* Your task:
Only the lines from the one containing "a red car parked in front of trees" through the end of the records should be retyped, exactly and including both ends; pictures stay out.
Supplied entries section start
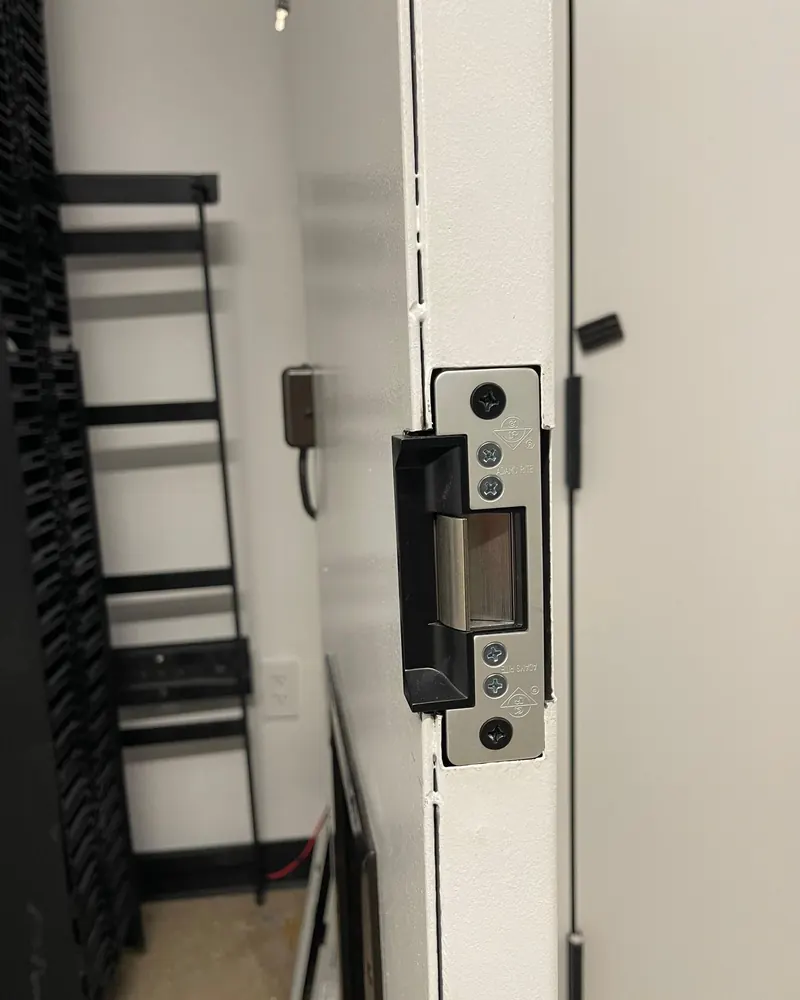 Electric strike installed in a white steel door frame, with its keeper visible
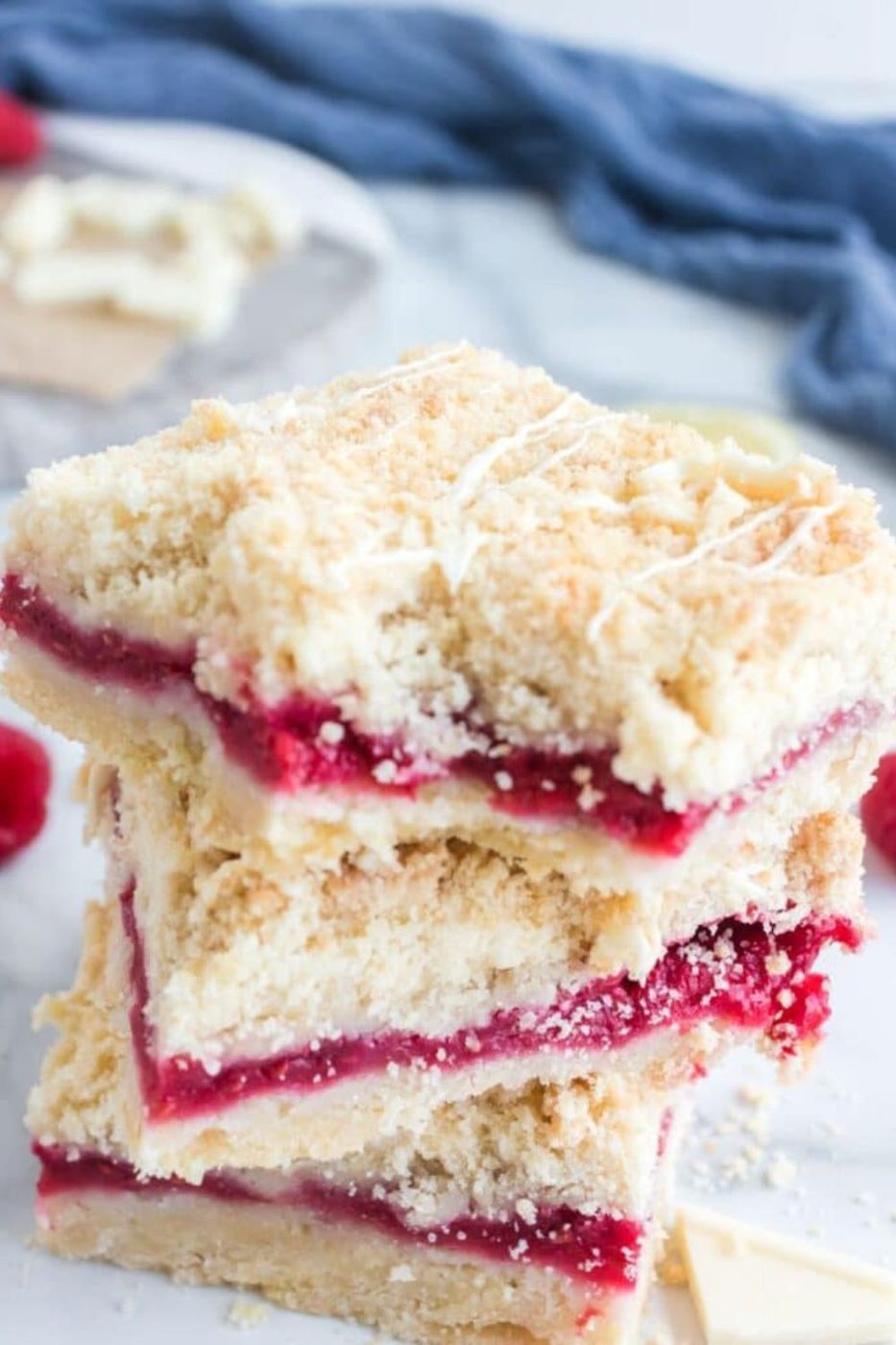 a bite taken out of the top Raspberry Crumble Bar that is on a stack of bars on marble counter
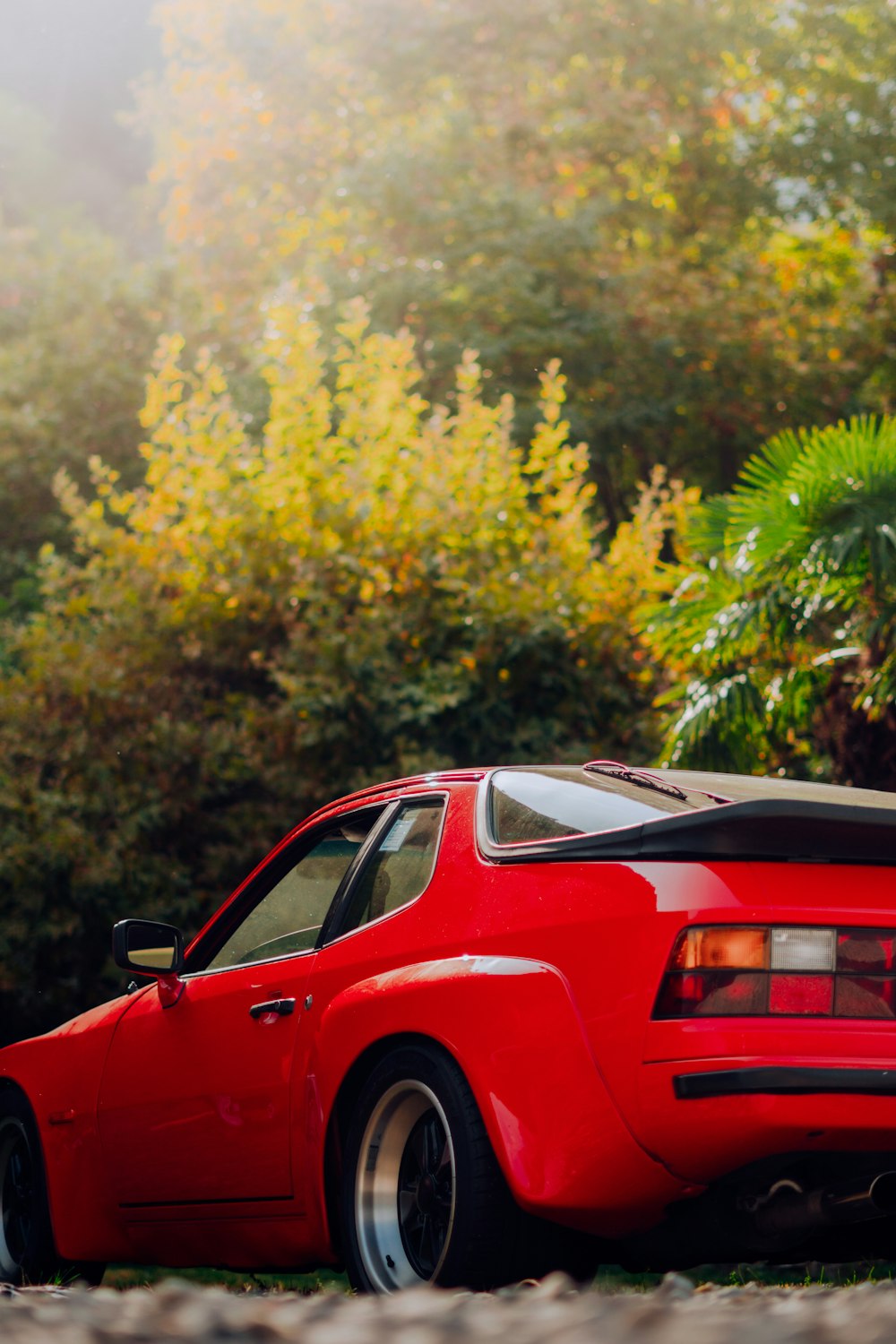 a red car parked in front of trees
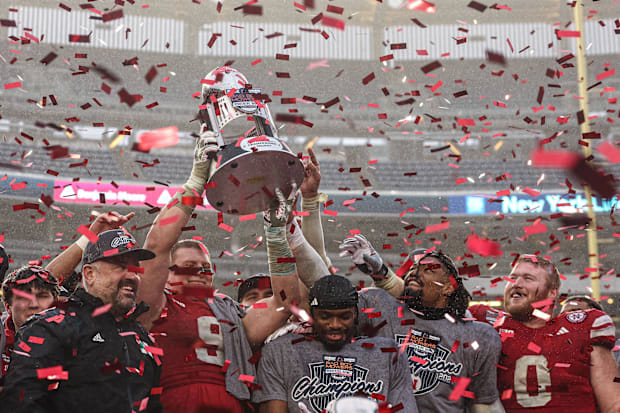 Nebraska Cornhuskers head coach Matt Rhule and players celebrate after the game against the Boston College Eagles.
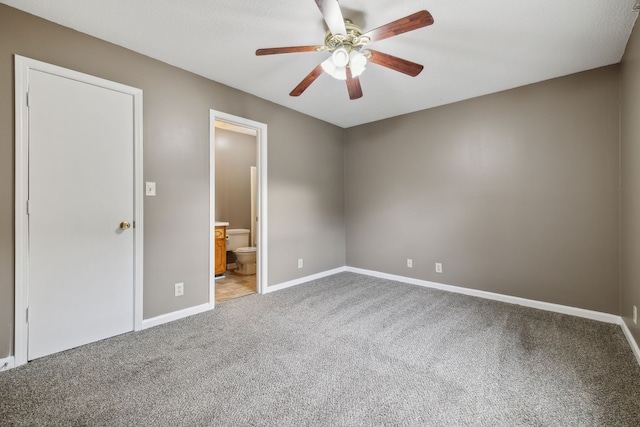 unfurnished bedroom with carpet, ensuite bathroom, and ceiling fan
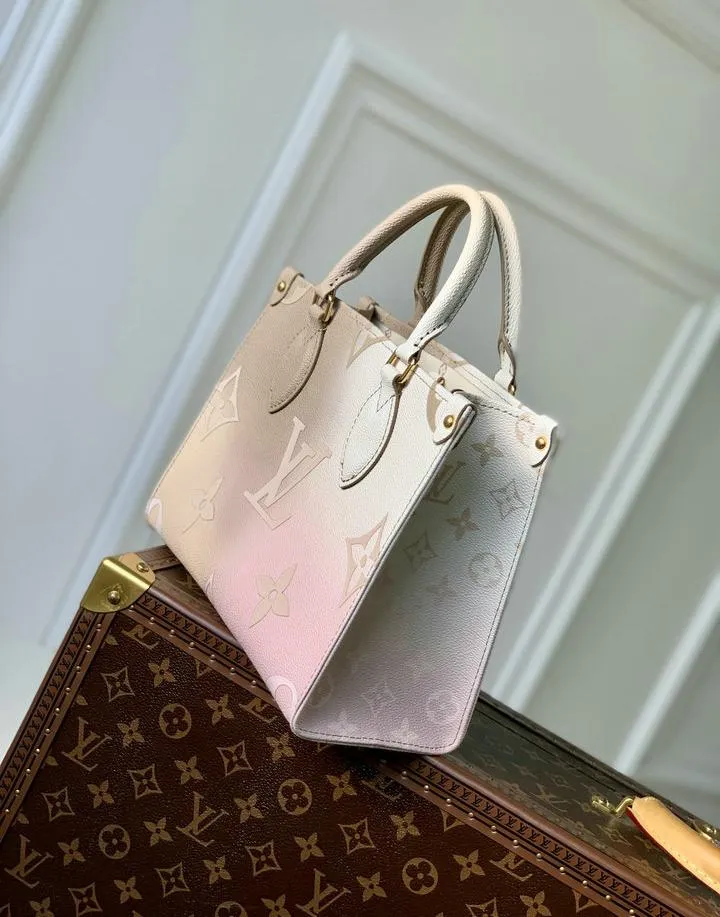 Louis Vuitton 1:1 Mirror Replica Ivory OnTheGo PM Monogram Empreinte Louis Vuitton Replica Onthego Louis Vuitton 1:1 Mirror Replica Ivory OnTheGo PM Monogram Empreinte Louis Vuitton Replica Onthego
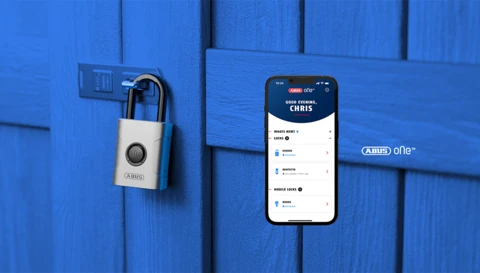 EVEROX One smart padlock on a wooden shed door and a smartphone with app screen in the foreground © ABUS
Supplied entries section end
* Response area:
 a red car parked in front of trees
 Nebraska Cornhuskers head coach Matt Rhule and players celebrate after the game against the Boston College Eagles.
 unfurnished bedroom with carpet, ensuite bathroom, and ceiling fan
 Louis Vuitton 1:1 Mirror Replica Ivory OnTheGo PM Monogram Empreinte Louis Vuitton Replica Onthego Louis Vuitton 1:1 Mirror Replica Ivory OnTheGo PM Monogram Empreinte Louis Vuitton Replica Onthego
 EVEROX One smart padlock on a wooden shed door and a smartphone with app screen in the foreground © ABUS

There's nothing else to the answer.